Last year, the bank, for the first time in its history, passed the billion Br income mark, the eighth bank in the country to earn that amount of revenue. During 2015, the private banking industry generated a total income of over 15 billion Br. OIB’s share was around six percent.
The capital growth had an effect on the earning per share (EPS) of the bank. The bank’s earnings per 1,000 Br share (EPS) dropped to 310 Br from 364 Br. The current year’s EPS is the same as what it was two years ago.
“Although soaring capital affects the shareholders earnings in the short run, the long-term effect would make the bank resistant to shock,” commented Abie Sano, the bank’s president.
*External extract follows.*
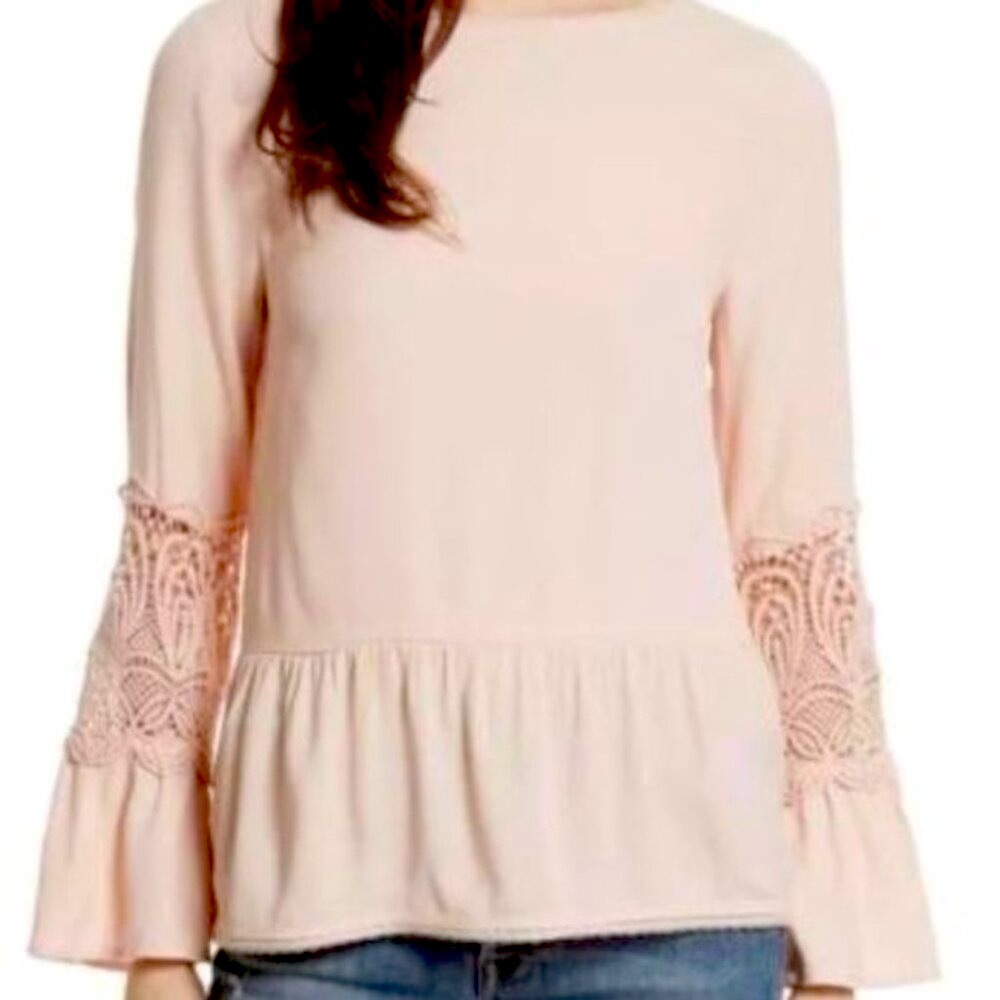 Joie NEW Boho Lace Bell Sleeves Flowy Top Blouse Peplum Fit Flare Tunic Shirt L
The positive profit performance was mainly driven by soaring interest income.
Interest income, which represented around 75pc of the Bank’s total income, showed a 54pc rise to 800 million Br.
“It is a great achievement within the Bank’s business life in the industry,” commented the board chairman.
These achievements have not been matched in foreign exchange dealings. It increased by only eight percent to 88 million Br, five percent below the private banking industry’s total.
“The slowdown requires due attention from the management,” says Abdulmenan Mohammed Hamza, analyst at London Portobello.
An executive who works at OIB connects the problem with the political unrest in Oromia Regional State which began a year ago.
“Adding in the internet shutdown, the unrest adversely affected the bank’s ability to collect remittances,” said the executive. “The problem even continued into the first quarter of the current fiscal year, when the unrest reached its peak.”
More than 40pc of the Bank’s 200 branches are located in Oromia Regional State.
In addition, the unrest in Oromia also affected the bank’s capability to lend, according to the executive.
“It affected the bank’s capability to move liquid resources from most liquidated bank to least one,” he said.
The 37pc income growth has not been without cost.
Expenses grew by 51pc to more than 838 million Br. Looking into the components, salaries and benefits constituted 37pc of expense, reaching 314 million Br.
General and administrative expense, 34pc of the total expenses, increased by 54pc to 233 million Br.
“The surge is intimidating unless it is well controlled,” said Abdulmenan.
This type of increase was also seen in the Bank’s provision for doubtful loans and advances. Provision for doubtful loans and advances soared by 58pc to almost 50 million Br.
“Like most components of expense, the size of provision for doubtful loans and advances are also alarming.” Abdulmenan added. “The management of OIB should keep an eye in these areas.”
Despite the strengthening of OIB’s financial position, the proportion of loans and deposits needs some improvement, according to Abdulmenan.
Overall, the loan to deposit ratio of OIB dropped to 61pc from 62pc.
“Even though OIB’s loan to deposit ratio being very close to the industry average of 62pc, there is room to improve,” Abdulmenan suggested.
“The ratio is very healthy with the company’s huge investment on National Bank of Ethiopia bills and reserve,” argues Abie, the president.
Loans and advances increased by 14pc to 5.6 billion Br. More than 30pc of credit goes to businesses engaged in trade and services locally. While an almost equal percentage of loans were given to importers and exporters.
On the other hand, deposits bumped by 17pc to over nine billion Birr.
Kalkidan Kebede and Betelhem Seyoum are among the Bank’s 537,960 account holders.
Even though the Bank’s services are good there are delays with withdrawals, both customers said.
“The internet interruption affected our service capability,” said Tizazu Bekele, a branch manager while describing the delay.